Please repeat the lines below, exactly and only, from the one that holds "버버리 체크 숄더백." through the one that holds "Spacious, unfurnished interior".

### DATASET EXCERPTS
◆ ◆ ◆
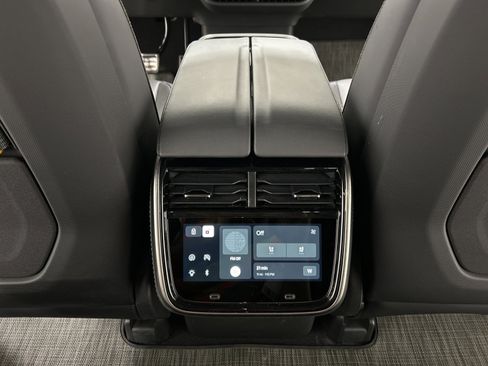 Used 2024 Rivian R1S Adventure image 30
◆ ◆ ◆
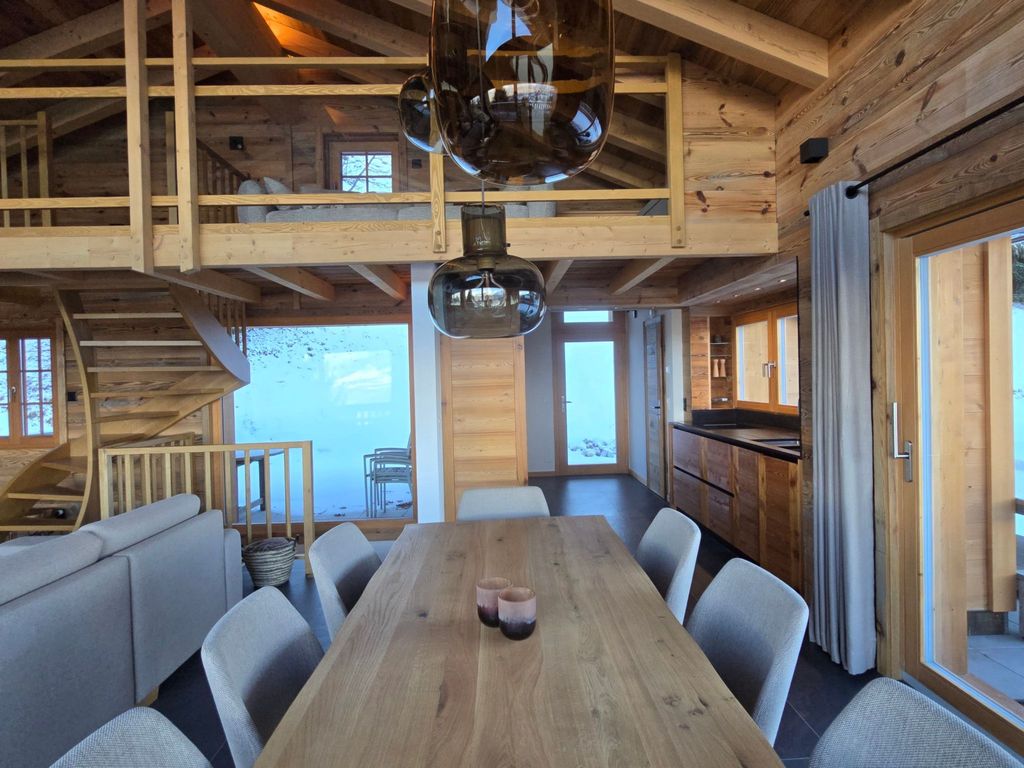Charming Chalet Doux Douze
◆ ◆ ◆
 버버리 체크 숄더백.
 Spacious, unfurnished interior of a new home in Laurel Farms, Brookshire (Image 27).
◆ ◆ ◆
### SOLUTION FOR THIS EXERCISE
 버버리 체크 숄더백.
 Spacious, unfurnished interior of a new home in Laurel Farms, Brookshire (Image 27).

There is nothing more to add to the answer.